Add the lentils and stir until well combined. Reduce heat to medium and simmer, uncovered, stirring occasionally, for 15 minutes or until the lentils are tender. Add the spinach and cook, stirring, for 3-4 minutes or until the spinach defrosts and just wilts. Add the garam masala and cumin, and stir until well combined. Taste and season with salt and pepper.

We served ours with organic sourdough bread.

Friday 2 January 2009

Wannabe Soule Mama

For Christmas I gave myself The Creative Family by SouleMama. I love it! I want our family to be allowed to exercise our creativity, and I want us to show gratitude. I have a jumble of ideas going around in my head, things we can do in our family.

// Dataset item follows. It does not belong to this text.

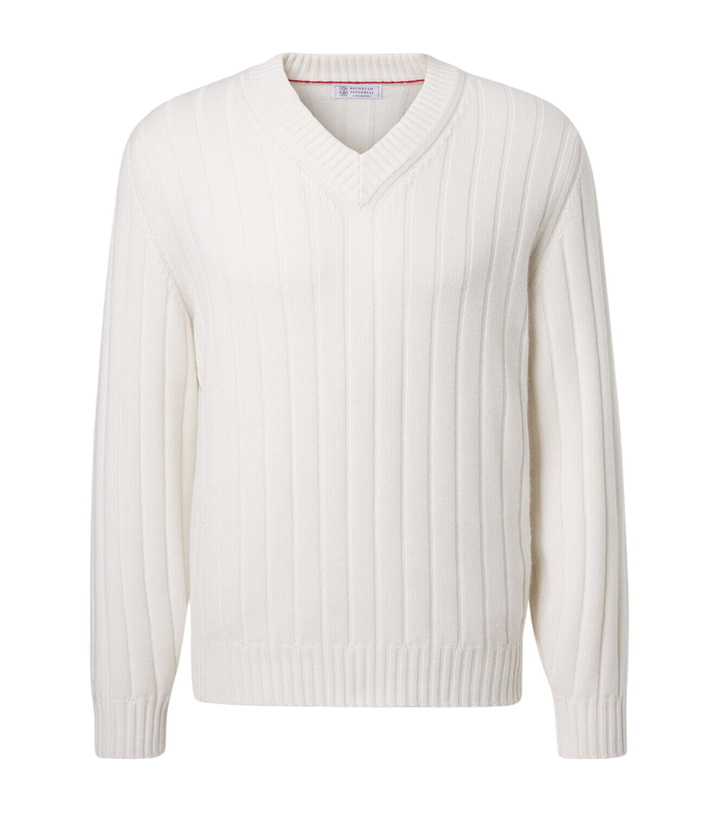 Photo: Brunello Cucinelli Ribbed-knit cashmere sweater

The first project was to reorganise the crafty, colouring things so they stay organised and are easy for small people to tidy up, with guidance and nagging of course. I reclaimed a quarter of a cupboard in our dining area and using some cheap plastic food containers sorted the pencils from the textas. I went to work with my trusty labeller so we know where to put things back. We've given the system a couple of workouts and it is easy! Things go back where they should! I wish I had batteries in the camera to document it.

In the process of organising I culled our crayon collection, leaving only some chubbies. I am working on Soule Mama's principle that children only need a few good quality art supplies, the same supplies that the grown-ups use. The assortment of broken mismatched crayons were put aside for our next project.

Yesterday we recycled the old crayons into these. I enlisted my big girls and we set about removing the paper wrappers from the broken crayons, then we sorted them into colours. I put them in a tupperware silicon mould that is mini "booby cakes". I'm not sure of the proper name of the shape but they do indeed look like boobies.

Our first batch was a mixture of colours: yellow and black, like bumblebees and purple and brown, like um... purple and brown? They weren't so great looking so in the next batch we kept to like colours, shades of red, shades of green. They are spectacular.

Anyway, normal service will no doubt be resumed shortly when I'm back at paid work and the craziness of schedules returns.

Thursday 1 January 2009

Love and light

The beginning of my new year is tinged with sadness and worry. Sending love and light to those who need it. We will get through this.